Data in this exercise below:

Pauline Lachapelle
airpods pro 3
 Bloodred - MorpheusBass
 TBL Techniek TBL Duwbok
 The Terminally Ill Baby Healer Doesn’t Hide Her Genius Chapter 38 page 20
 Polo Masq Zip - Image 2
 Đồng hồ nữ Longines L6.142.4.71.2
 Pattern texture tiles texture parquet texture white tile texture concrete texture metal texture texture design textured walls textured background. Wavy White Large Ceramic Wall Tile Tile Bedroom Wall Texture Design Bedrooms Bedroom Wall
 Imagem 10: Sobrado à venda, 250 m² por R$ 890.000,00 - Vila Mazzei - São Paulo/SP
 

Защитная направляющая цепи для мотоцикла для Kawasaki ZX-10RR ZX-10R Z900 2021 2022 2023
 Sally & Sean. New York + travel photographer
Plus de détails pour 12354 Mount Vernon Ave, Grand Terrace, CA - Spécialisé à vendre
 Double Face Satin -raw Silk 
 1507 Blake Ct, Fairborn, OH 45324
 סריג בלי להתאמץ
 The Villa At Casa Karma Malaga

End of Data in this exercise.

- [Required work]: Write out every entry exactly as it appears.

- [Result of the task]:
Pauline Lachapelle
airpods pro 3
 Bloodred - MorpheusBass
 TBL Techniek TBL Duwbok
 The Terminally Ill Baby Healer Doesn’t Hide Her Genius Chapter 38 page 20
 Polo Masq Zip - Image 2
 Đồng hồ nữ Longines L6.142.4.71.2
 Pattern texture tiles texture parquet texture white tile texture concrete texture metal texture texture design textured walls textured background. Wavy White Large Ceramic Wall Tile Tile Bedroom Wall Texture Design Bedrooms Bedroom Wall
 Imagem 10: Sobrado à venda, 250 m² por R$ 890.000,00 - Vila Mazzei - São Paulo/SP
 

Защитная направляющая цепи для мотоцикла для Kawasaki ZX-10RR ZX-10R Z900 2021 2022 2023
 Sally & Sean. New York + travel photographer
Plus de détails pour 12354 Mount Vernon Ave, Grand Terrace, CA - Spécialisé à vendre
 Double Face Satin -raw Silk 
 1507 Blake Ct, Fairborn, OH 45324
 סריג בלי להתאמץ
 The Villa At Casa Karma Malaga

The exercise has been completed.